Last Updated on May 6, 2015, by eNotes Editorial. Word Count: 406
About the most exciting thing that happens to the Careys [in Rings Around Us] is that their son is born with a rudimentary tail and that their housekeeper, a follower of Father Divine, leaves the house in horror with the cry that the family is marked by sin. But to bear down heavily on a book as fluffy and as harmless and as easy-to-take as is "Rings Around Us" would be like using a shillelagh to spank a baby. Perhaps its failure lies in the fact that Mrs. Carey has only two children to her parents' twelve, or perhaps it is because a couple of generations have diluted the vinegary eccentricities of the elder Gilbreth into something as bland as Pablum.
Helen Beal Woodward, "Suburban Living," in The Saturday Review (copyright © 1956 by Saturday Review; all rights reserved; reprinted by permission), Vol. XXXIX, No. 17, April 28, 1956, p. 27.
More about Nantucket and the Gilbreths, [Of Whales and Women] remembers island history as [Frank B. Gilbreth, Jr.] recalls and retells many a story, some of them harking all the way back to the days of Indian settlement.

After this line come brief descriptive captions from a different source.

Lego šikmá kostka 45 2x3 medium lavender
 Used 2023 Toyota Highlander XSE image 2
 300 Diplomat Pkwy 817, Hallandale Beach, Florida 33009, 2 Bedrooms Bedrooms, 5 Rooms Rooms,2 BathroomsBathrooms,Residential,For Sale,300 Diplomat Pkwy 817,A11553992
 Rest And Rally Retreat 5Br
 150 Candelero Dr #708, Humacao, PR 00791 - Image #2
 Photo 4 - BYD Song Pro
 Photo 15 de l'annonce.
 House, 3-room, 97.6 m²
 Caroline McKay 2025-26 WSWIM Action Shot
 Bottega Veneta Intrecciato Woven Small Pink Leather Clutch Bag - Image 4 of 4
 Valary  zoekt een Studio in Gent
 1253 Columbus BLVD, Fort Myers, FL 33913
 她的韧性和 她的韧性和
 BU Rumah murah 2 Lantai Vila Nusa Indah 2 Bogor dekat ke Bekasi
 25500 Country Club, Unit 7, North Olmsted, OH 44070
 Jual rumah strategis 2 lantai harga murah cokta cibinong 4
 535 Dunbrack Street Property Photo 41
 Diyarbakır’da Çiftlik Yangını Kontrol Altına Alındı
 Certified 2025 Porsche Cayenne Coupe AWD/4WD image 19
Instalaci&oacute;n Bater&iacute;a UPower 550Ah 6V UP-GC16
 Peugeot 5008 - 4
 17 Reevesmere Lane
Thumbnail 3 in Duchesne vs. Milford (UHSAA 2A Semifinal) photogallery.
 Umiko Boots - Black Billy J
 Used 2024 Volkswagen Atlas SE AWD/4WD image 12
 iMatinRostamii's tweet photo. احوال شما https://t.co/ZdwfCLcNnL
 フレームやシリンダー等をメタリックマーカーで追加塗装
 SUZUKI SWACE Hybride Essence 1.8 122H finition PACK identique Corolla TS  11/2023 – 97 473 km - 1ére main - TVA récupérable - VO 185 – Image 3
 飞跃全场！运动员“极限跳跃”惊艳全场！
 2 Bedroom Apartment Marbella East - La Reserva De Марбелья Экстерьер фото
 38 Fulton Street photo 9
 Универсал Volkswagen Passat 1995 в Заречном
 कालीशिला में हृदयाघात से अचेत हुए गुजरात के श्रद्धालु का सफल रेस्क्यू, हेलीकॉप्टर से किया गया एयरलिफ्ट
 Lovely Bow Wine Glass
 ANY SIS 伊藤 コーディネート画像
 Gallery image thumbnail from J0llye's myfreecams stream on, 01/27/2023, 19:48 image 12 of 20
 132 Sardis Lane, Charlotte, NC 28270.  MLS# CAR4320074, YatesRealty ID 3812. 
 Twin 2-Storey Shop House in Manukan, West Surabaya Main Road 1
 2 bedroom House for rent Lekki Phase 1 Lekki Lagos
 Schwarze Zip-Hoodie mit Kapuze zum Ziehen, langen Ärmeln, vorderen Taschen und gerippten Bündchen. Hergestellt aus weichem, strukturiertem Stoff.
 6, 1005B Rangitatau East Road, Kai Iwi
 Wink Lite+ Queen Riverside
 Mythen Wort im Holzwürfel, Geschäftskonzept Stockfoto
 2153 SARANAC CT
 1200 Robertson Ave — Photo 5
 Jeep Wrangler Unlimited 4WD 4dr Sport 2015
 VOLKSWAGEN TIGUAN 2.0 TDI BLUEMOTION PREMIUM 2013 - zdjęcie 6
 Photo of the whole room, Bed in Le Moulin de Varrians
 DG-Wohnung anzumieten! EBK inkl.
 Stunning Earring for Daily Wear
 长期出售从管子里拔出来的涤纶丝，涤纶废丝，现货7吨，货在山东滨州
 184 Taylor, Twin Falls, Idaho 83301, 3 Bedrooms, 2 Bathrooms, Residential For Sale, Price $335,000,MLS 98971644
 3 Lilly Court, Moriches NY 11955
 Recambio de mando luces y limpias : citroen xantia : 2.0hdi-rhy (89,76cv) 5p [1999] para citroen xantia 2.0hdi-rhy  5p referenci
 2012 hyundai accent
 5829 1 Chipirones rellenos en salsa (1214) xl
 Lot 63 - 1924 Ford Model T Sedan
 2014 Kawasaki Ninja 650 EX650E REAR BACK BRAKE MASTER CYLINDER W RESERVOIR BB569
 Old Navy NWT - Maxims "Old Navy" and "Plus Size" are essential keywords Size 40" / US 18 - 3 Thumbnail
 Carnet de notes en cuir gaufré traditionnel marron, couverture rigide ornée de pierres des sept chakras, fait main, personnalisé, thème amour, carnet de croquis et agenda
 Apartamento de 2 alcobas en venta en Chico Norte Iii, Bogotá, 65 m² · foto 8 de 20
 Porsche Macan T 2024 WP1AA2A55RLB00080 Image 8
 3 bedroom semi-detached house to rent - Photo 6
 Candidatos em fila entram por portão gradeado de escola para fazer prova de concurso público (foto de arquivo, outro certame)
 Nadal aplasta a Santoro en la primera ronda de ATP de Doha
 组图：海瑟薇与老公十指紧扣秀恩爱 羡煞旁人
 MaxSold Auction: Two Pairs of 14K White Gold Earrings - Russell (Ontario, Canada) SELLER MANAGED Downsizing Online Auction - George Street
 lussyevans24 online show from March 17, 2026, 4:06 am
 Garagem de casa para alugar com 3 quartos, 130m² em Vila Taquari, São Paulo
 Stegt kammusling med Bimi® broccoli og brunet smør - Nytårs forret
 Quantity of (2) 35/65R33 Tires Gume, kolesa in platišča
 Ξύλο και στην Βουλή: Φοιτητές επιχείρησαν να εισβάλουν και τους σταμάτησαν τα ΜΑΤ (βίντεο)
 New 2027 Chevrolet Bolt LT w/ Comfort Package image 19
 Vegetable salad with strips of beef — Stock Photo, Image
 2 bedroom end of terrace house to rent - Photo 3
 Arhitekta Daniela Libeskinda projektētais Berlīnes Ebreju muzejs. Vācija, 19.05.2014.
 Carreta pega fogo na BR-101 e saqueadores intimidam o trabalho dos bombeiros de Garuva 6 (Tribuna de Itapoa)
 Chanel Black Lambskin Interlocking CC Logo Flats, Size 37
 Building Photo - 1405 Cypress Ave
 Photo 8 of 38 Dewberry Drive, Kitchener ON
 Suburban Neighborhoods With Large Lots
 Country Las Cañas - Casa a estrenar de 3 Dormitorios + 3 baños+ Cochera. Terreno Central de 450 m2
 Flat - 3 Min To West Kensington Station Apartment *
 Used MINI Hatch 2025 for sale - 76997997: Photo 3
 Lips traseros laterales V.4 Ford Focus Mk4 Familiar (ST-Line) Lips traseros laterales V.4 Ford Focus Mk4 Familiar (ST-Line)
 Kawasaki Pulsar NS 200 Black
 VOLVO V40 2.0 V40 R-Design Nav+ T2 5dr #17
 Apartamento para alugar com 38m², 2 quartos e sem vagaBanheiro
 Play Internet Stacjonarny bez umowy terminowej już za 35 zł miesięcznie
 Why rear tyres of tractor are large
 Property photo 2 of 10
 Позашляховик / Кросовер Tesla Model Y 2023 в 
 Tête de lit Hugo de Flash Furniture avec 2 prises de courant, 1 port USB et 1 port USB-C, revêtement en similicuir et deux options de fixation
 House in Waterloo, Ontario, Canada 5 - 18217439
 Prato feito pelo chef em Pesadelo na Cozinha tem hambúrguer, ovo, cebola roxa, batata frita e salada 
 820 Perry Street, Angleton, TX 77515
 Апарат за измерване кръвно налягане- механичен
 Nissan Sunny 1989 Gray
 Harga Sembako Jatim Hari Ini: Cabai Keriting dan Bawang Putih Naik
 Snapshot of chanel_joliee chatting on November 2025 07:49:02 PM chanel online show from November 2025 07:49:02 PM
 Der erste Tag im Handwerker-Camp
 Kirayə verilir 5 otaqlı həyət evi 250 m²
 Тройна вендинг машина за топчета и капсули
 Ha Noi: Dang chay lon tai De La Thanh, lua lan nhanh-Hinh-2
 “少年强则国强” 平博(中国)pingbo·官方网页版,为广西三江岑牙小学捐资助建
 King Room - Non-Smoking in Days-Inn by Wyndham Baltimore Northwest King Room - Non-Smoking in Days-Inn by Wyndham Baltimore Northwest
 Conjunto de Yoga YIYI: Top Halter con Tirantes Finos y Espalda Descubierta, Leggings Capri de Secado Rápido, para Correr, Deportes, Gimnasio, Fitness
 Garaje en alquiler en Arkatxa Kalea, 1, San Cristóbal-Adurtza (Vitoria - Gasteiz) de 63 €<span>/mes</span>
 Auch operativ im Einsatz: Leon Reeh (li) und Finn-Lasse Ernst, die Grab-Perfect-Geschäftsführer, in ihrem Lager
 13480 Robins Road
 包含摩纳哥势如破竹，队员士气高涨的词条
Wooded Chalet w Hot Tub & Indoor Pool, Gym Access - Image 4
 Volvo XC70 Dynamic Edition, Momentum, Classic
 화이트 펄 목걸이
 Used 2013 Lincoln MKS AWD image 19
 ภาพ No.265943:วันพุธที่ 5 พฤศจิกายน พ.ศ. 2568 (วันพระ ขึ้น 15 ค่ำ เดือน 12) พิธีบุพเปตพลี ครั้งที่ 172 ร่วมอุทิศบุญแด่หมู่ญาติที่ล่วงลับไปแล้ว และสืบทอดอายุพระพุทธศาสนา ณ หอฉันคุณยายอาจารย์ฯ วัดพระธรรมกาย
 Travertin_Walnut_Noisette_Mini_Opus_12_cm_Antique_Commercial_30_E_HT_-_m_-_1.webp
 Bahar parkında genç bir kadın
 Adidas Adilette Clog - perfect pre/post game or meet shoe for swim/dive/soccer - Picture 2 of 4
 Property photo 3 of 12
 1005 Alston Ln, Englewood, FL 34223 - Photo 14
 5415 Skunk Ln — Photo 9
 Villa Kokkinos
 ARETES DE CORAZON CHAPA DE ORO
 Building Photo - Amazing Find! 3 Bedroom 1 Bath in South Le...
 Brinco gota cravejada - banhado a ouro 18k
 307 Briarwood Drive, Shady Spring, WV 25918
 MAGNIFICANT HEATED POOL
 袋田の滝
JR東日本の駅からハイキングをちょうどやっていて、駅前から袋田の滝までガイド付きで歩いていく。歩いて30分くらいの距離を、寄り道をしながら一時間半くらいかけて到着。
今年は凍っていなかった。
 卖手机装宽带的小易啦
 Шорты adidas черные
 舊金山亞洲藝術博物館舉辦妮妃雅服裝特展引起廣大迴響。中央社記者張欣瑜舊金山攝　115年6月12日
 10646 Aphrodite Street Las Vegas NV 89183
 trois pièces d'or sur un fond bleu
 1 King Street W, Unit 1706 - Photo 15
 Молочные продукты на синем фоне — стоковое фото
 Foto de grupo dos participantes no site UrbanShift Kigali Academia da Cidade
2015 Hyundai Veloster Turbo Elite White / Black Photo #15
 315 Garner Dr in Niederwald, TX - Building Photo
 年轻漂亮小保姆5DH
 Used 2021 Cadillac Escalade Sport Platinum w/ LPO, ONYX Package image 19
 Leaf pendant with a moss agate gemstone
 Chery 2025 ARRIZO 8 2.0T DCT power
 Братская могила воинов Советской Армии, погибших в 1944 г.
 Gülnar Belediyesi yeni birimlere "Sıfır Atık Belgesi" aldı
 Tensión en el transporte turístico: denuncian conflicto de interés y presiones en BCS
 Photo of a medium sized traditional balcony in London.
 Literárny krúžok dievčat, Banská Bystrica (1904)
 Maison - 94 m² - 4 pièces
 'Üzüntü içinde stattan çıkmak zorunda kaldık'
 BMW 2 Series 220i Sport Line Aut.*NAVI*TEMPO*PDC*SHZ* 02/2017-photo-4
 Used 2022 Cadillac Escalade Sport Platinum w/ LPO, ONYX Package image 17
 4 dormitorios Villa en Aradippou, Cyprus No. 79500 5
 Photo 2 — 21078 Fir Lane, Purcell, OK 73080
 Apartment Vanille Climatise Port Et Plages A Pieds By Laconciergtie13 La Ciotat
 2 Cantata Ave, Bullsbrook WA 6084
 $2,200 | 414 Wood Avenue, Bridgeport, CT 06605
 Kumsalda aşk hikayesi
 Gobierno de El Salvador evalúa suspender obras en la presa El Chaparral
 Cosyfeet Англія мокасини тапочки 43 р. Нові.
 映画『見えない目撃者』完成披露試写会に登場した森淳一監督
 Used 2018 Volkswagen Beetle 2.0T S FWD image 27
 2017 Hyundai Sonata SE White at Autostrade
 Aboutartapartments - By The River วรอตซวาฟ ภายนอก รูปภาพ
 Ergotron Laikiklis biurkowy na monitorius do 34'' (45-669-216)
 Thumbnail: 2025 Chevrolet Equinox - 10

Mostly though, they are what the title indicates—tales of whaling ships, the men who sailed them and the women who stayed at home…. Though told in a personalized idiom, such incidents as an encounter between South Sea belles and prim sea captains …, and the other women who took on mens' chores in their husbands' absences and brooked no nonsense from returning spouses—have a quality that characterizes a fierce yet genteel period. Good reading that has its reference value too.
"Non-Fiction: 'Of Whales and Women'," in Virginia Kirkus' Service, Vol. XXIV, No. 13, July 1, 1956, p. 463.
Gilbreth gambols again [in How to Be a Father]—this time with the expectant father…. Coach Gilbreth counsels uninitiated benedicts on the travail ahead—from the nurse who accompanies the new baby home, whose last infant charge had far more hair and parents with money, to the barrage of porringers and teething rings which can always be melted for their bullion content. He braces the father-to-be for the shattering experiences before him—when his wife murmurs that Celestine would be a nice name for a girl and for the unnerving first glimpse of his offspring…. His dissertation on the duel of the diaper is Rabelaisian. A pacifier for Pop—for an ascertainable market.
"Non-Fiction: 'How to Be a Father'," in Virginia Kirkus' Service, Vol. XXVI, No. 3, February 1, 1958, p. 105.